Using backend: pytorch


In [3]:
def get_data(col=None):

    def generate_mask(ds):
        mask = [(~torch.isnan(d[1]), d[0], d[1])
                for d in ds]
        return mask

    def filter_cols(ds, num_cols=6, col=None):
        if col is None:
            ds = [(d[0], d[1][:,:num_cols]) for d in ds]
        else:
            ds = [(d[0], d[1][:,col].view(-1, 1)) for d in ds]
        return ds

    ds = data.moonshot_meta()

    # move to GPU
    cuda_ds = []
    for d in ds:
        d = tuple([i.to(torch.device('cuda:0')) for i in d])
        cuda_ds.append(d)

    ds_tr, ds_te = data.utils.split(cuda_ds, [4, 1])
    
    ds_tr = data.utils.batch(ds_tr, len(ds_tr))
    ds_te = data.utils.batch(ds_te, len(ds_te))
    
    ds_tr = filter_cols(ds_tr, num_cols=9, col=col)
    ds_te = filter_cols(ds_te, num_cols=9, col=col)
    
    num_data = torch.cat([m[0] for m in generate_mask(ds_tr)]).sum()
    return ds_tr, ds_te, num_data

# Multitask Train and Test

In [5]:
from pinot.multitask import MultitaskNet
from pinot.regressors import (VariationalGaussianProcessRegressor,
                              ExactGaussianProcessRegressor)

representation = pinot.representation.Sequential(
    pinot.representation.dgl_legacy.gn(model_name='GraphConv'),
    [32, 'tanh', 32, 'tanh', 32, 'tanh']
)

mtn = MultitaskNet(representation,
                   output_regressor=ExactGaussianProcessRegressor,
#                    VariationalGaussianProcessRegressor,
#                    num_data=num_data
                  ).to(torch.device('cuda:0'))

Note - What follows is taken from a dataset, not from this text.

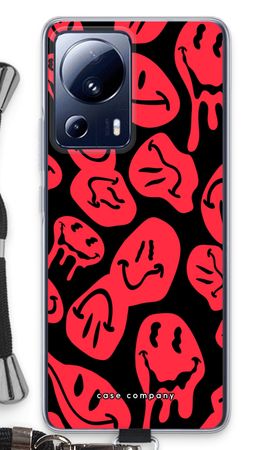 Melting Smiley - Red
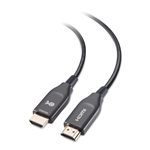 Cable Matters CL3 Rated (in-Wall Installation) Active 8K @60Hz Fiber Optic HDMI Cable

optimizer = torch.optim.Adam(mtn.parameters(), lr=1e-4, weight_decay=0.0)

## Run experiment.

In [6]:
from pinot.app.experiment import TrainAndTest
from pinot.multitask.metrics import r2, pearson, rmse, avg_nll
from pinot.multitask.experiment import MultitaskTrain

ds_tr, ds_te, num_data = get_data()

tt = TrainAndTest(net=mtn,
                  data_te=ds_te,
                  data_tr=ds_tr,
                  n_epochs=1,
                  optimizer=optimizer,
                  metrics=[r2, pearson, rmse, avg_nll],
                  train_cls=MultitaskTrain)

# TODO: stratify results by task
results = tt.run()